Coal is in the news again, thanks to the Trump Administration. But this time there’s a new wrinkle. The administration is aiming for a high-tech approach that could appeal to environmentalists looking to secure realistic reductions in carbon dioxide (CO2) emissions.
The Department of Energy (DOE) has announced that it is considering investment in small-scale, “modular” coal plants that some are calling the power plants of the future. These compact generating stations can achieve extremely high energy efficiencies, and can use cutting-edge systems to enhance the capture of exhaust emissions.
President Trump is clearly standing behind his commitment to revitalize America’s coal sector. But technological advances are emerging that may validate his decision—including systems to fine-tune the trapping of exhaust gases and particulate matter.
Essentially, coal is now poised to enter the realm of high-tech thanks to “Super-critical” and “Ultra-supercritical” power plants that burn coal at far higher temperatures. Under such intense heat and pressure, coal burns more efficiently, yielding lower CO2 emissions per kilowatt generated.

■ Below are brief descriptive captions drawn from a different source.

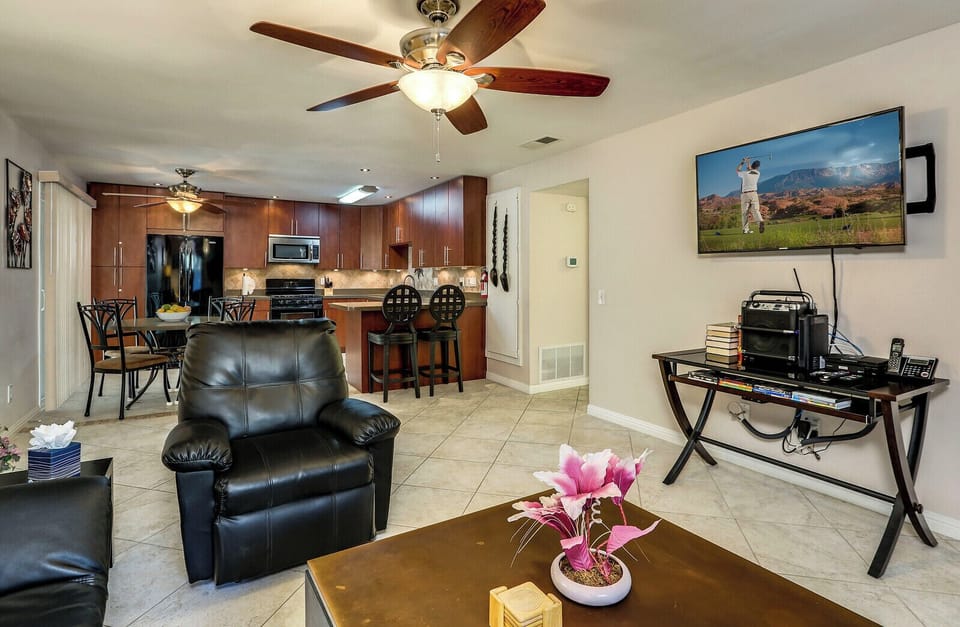 Living room flows into modern kitchen with bar seating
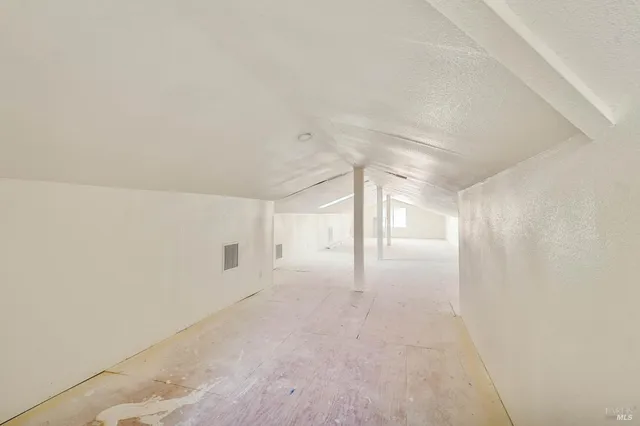 a view of roof deck with patio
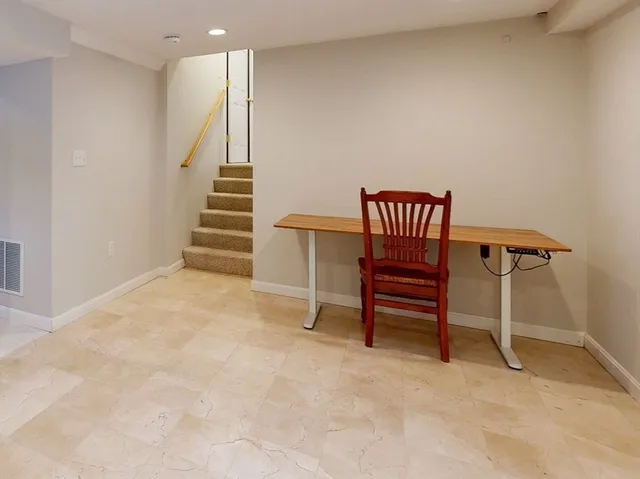 a view of a yard with plants and trees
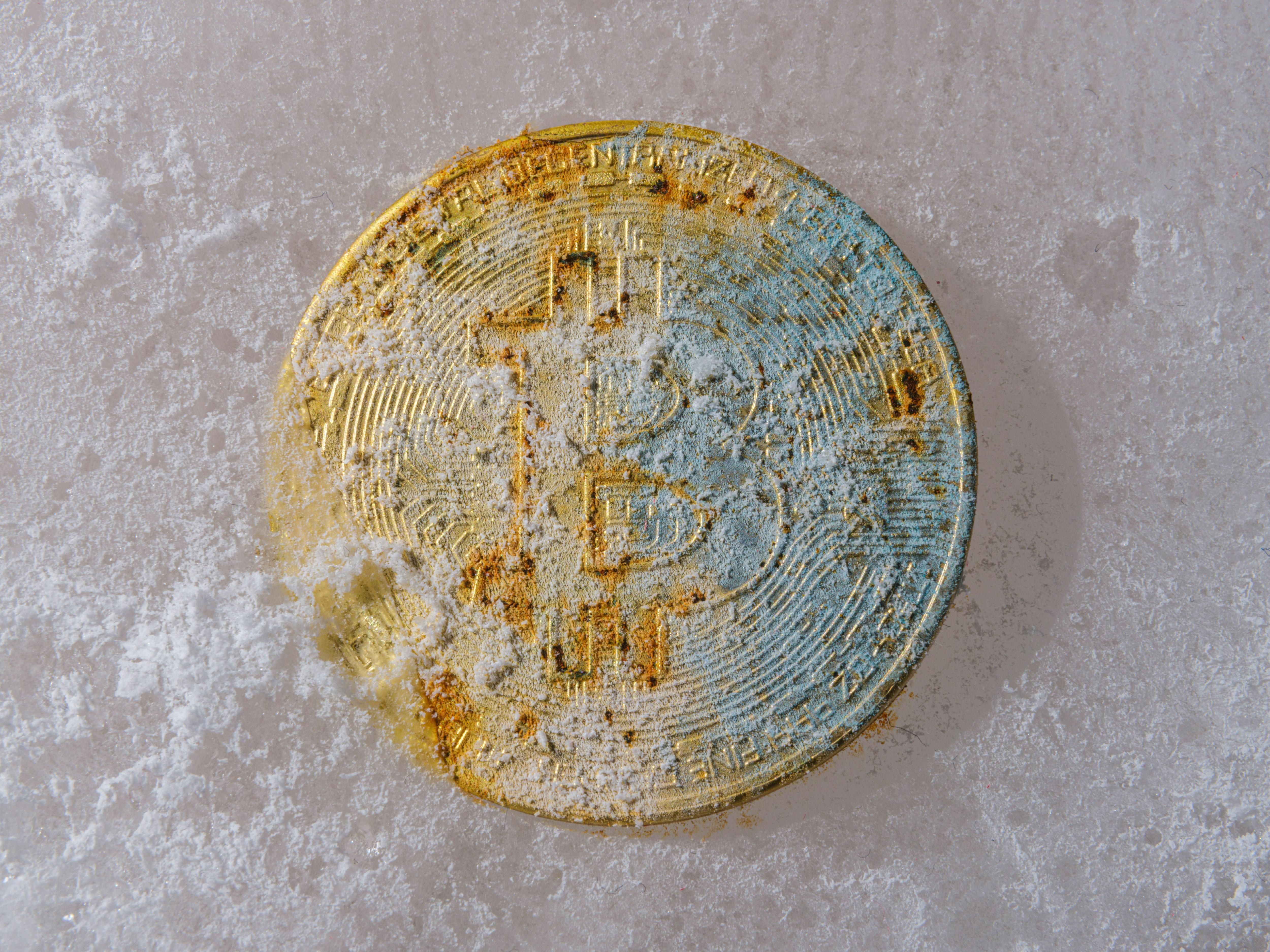 A frosty, weathered Bitcoin coin on a snow-covered surface.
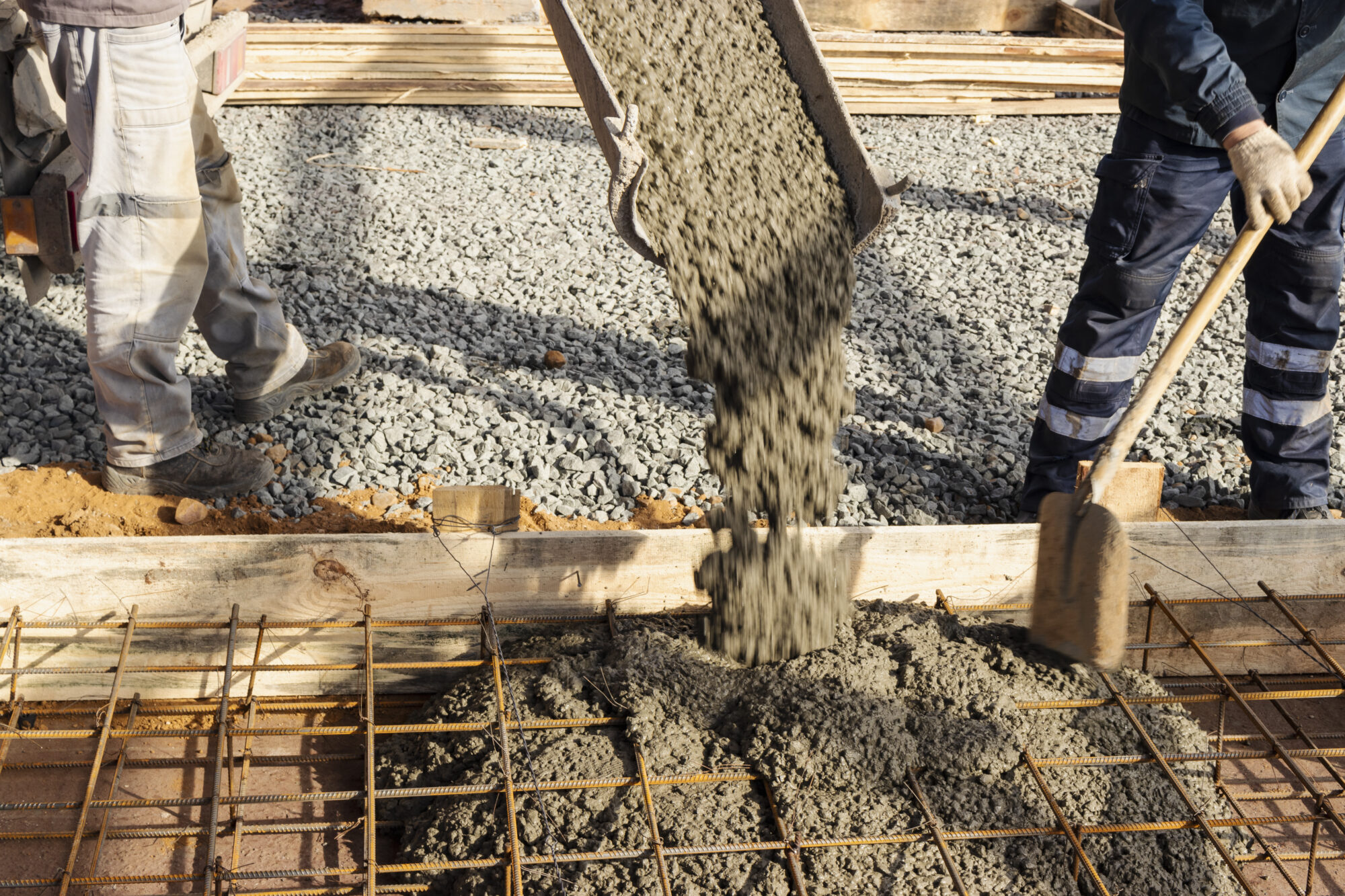 Pouring cement or concrete with a concrete mixer truck, construction site with a reinforced grillage foundation. Workers settle and level the concrete in the foundation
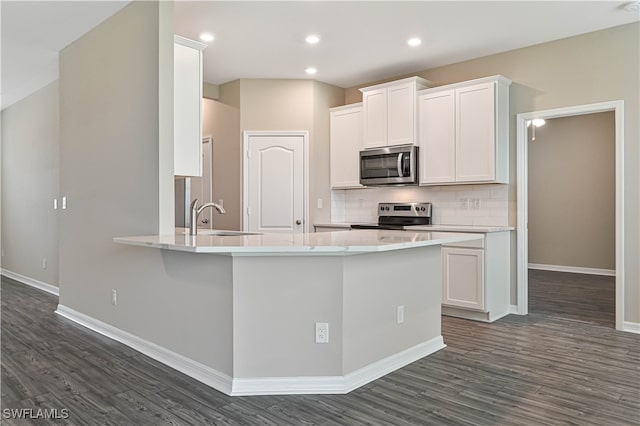 kitchen featuring dark hardwood / wood-style flooring, sink, white cabinetry, and stainless steel appliances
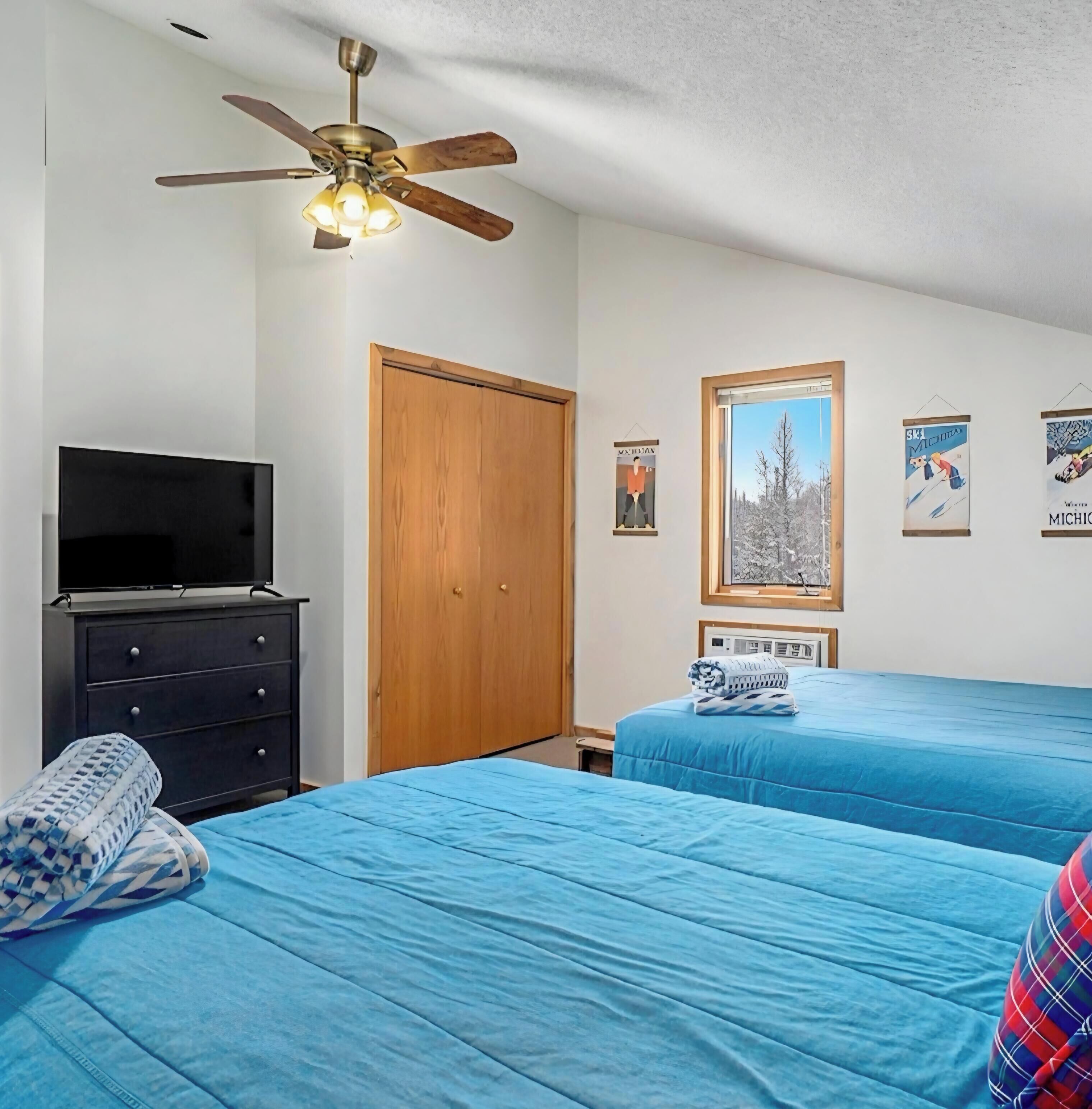 A bedroom with two beds, a ceiling fan, a TV, and a wardrobe.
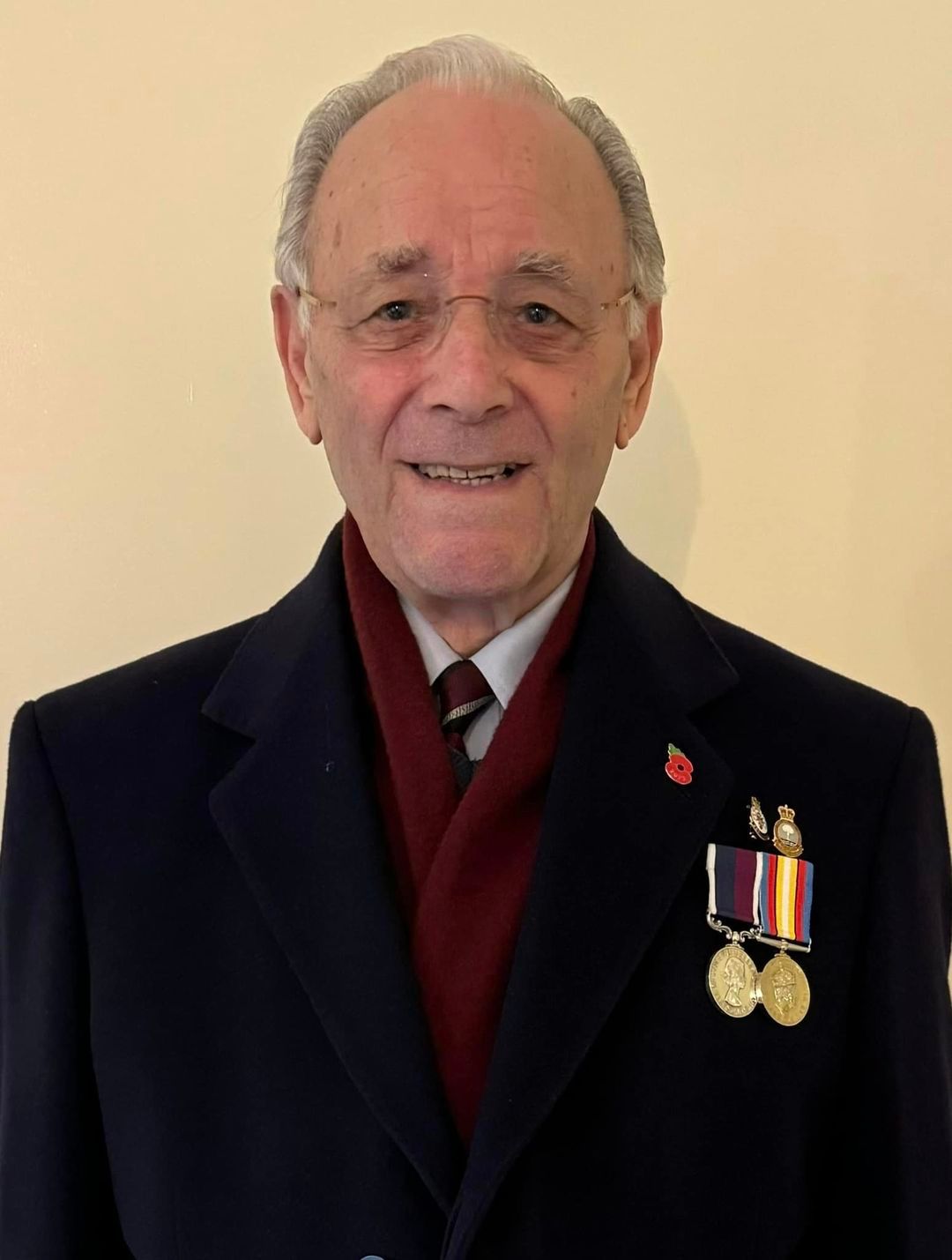 Elderly man smiling, wearing glasses, a dark coat with a red scarf, and a tie, with several military medals and a poppy pin displayed on his chest.
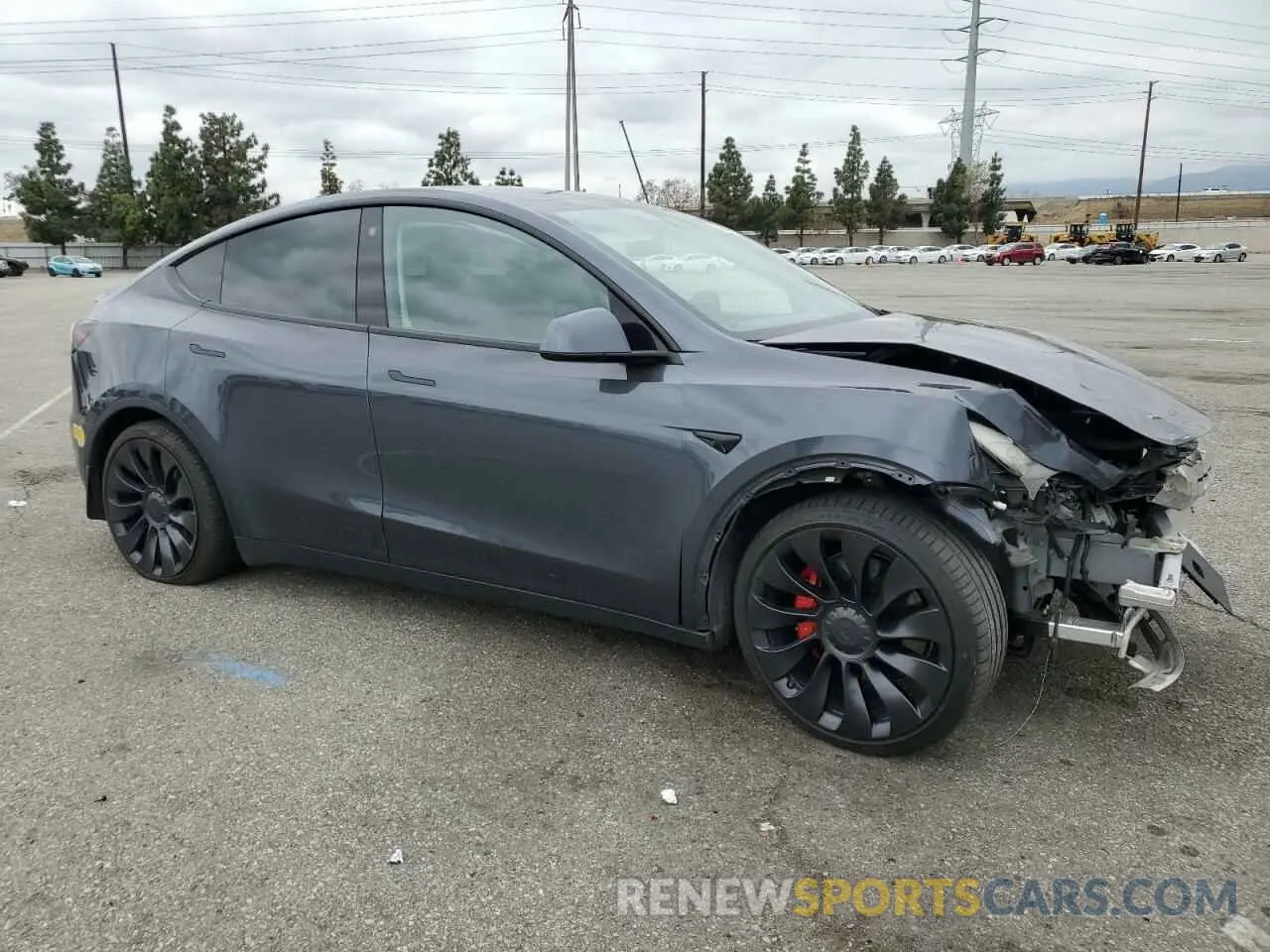 4 Photograph of a damaged car 7SAYGDEF3NF410242 TESLA MODEL Y 2022
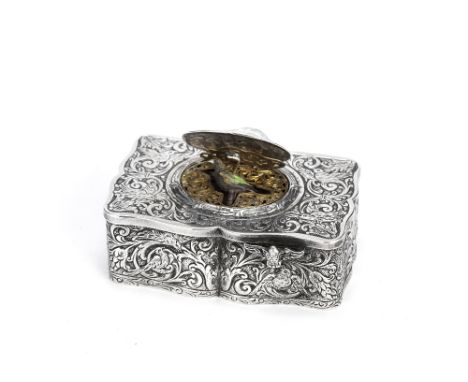 A German silver singing bird box with keyJ D Schleissner and Sohne, Hanau, stamped 930In the manner of Karl Griesbaum, shaped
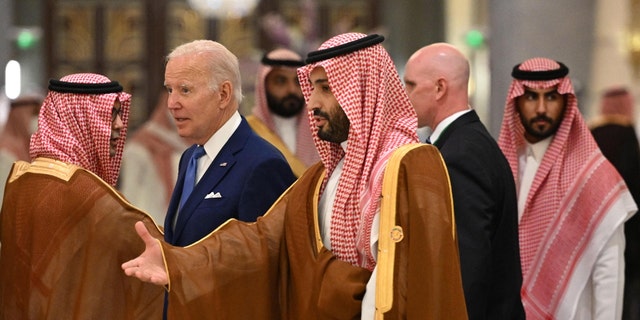 President Joe Biden (C-L) and Saudi Crown Prince Mohammed bin Salman (C) arrive for the family photo during the Jeddah Security and Development Summit (GCC+3) at a hotel in Saudi Arabia's Red Sea coastal city of Jeddah on July 16, 2022. 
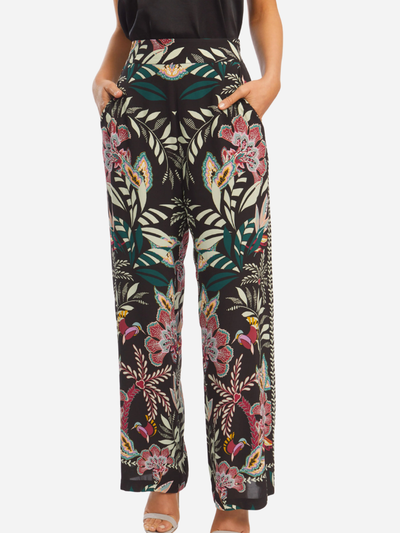 woman in black pants with floral print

Unfortunately, the Obama Administration’s focus on eliminating coal through hefty regulations has discouraged utilities from moving toward higher efficiency systems. Now, America’s coal fleet is aging, and the U.S. trails China, Japan, and the EU in these technologies.
Many are still asking — “Why coal?” But as the nation learned after a particularly brutal winter, coal is proving unexpectedly necessary. According to a recent DOE report, without ample coal-fired power “the eastern United States would have suffered severe electricity shortages, likely leading to widespread blackouts.” Coal plants delivered 55 percent of incremental daily U.S. power generation this winter, and provided three times the incremental generation of natural gas and 12 times that of nuclear.
There’s also fuel diversity. The U.S. is poised to export more of its natural gas to Europe, and rising demand overseas will undoubtedly lead to higher prices and tighter supplies domestically. Southern California is already facing a decision on whether to continue drawing natural gas from a facility that spewed a massive leak in 2015. And New England is grappling with its own pipeline capacity issues; this winter’s bitter cold snap forced some utilities to resort to oil-powered generation when gas supplies lagged during peak demand.
There’s a need to ensure a diverse energy mix in the United States, particularly when electricity demand is projected to increase annually according to the U.S. Energy Information Administration. In response, the Trump Administration is right to safeguard fuel variety for the nation’s power grid.
Coal is plentiful and affordable, which augurs well for investing in compact, high-tech modules that can increase efficiency and reduce emissions in a realistic manner. That would yield both economic benefits and more reliable electricity — two things that will matter greatly to an ever-growing nation in the years ahead.
Terry M. Jarrett of Jefferson City, Missouri, is an energy attorney and consultant who has served on both the National Association of Regulatory Utility Commissioners and the Missouri Public Service Commission.